For many, the word redirection translates to, “Uh oh—big trouble.” For some, the idea of a redirection can seem the equivalent of a dismissal, separation, or firing.
That’s a limiting perception. The job of managing people includes managing roles, goals, and day-to-day performance. Redirection is a part of that process.
In some ways it’s like flying airplanes where flight plans are set and frequent corrections in the air keep the airplane on course. The goal is a smooth flight that will arrive at the desired destination safely. But a surprise bout of turbulence may force the plane to change altitude to find smoother air space.
The same is true in the workplace. We all hope for a smooth ride in the course of achieving our goals but people sometimes experience turbulence and need “in-flight” corrections, too. This type of correction is what I call redirection.

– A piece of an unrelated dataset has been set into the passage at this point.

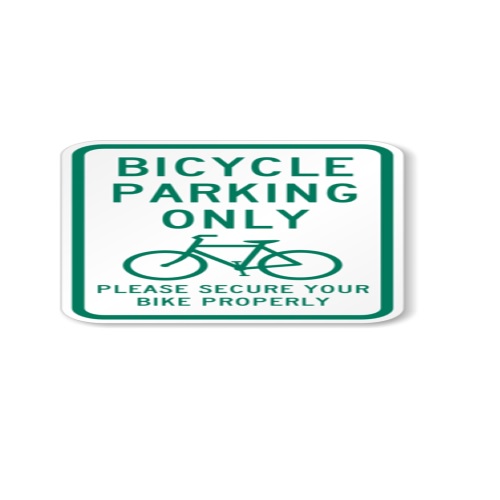 Usha Armour Bycycle Parking Signage, Size: 24 x 12 Inch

A Closer Look at Redirection
A redirection is used for learners in a “can’t do” situation, not in a “won’t do” situation. With constantly evolving priorities, technology, and demands, many a worker is learning something new every day. Add in unclear vision, goals, or roles, and a worker can fall behind or make mistakes.
How should a new manager approach a person who needs redirection? Ken Blanchard shares a five-step process in his bestselling book, Whale Done! The Power of Positive Relationships.

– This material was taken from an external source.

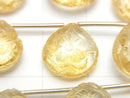 [Video] High Quality Citrine AAA Carving Chestnut 1strand (5pcs)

Here are Ken’s five steps for redirection:
- Describe the error objectively, without blame and without drama. Example: “Your report was two hours late.” No eye-rolling, desk-pounding, or sarcasm. Just the facts.
- Describe the negative impact of the error. Example: “As a result, I had to cancel an important meeting because I did not have the data I needed in time.” Again, no emotion. Just the facts.
- If appropriate, take the blame for not being clear. Example: “I was giving you a lot of direction about several projects at once. Perhaps I wasn’t clear about the absolute deadline for your report.” This is an important step and can be a powerful, face-saving, loyalty-building action to take. It’s entirely possible that a new manager was not clear or specific enough.
- Go over the task or goal again. Example: “To be sure that I am clear this time, let me review with you what I need and when I must have it. I need….” It’s important to give very specific information and also to get agreement that what you are asking for is possible.
- Express continued trust and reaffirm your belief in the person’s abilities. Example: “Now that we have talked about this, I’m sure we’ll have no problem next time.” People need to know that an error will not permanently taint them.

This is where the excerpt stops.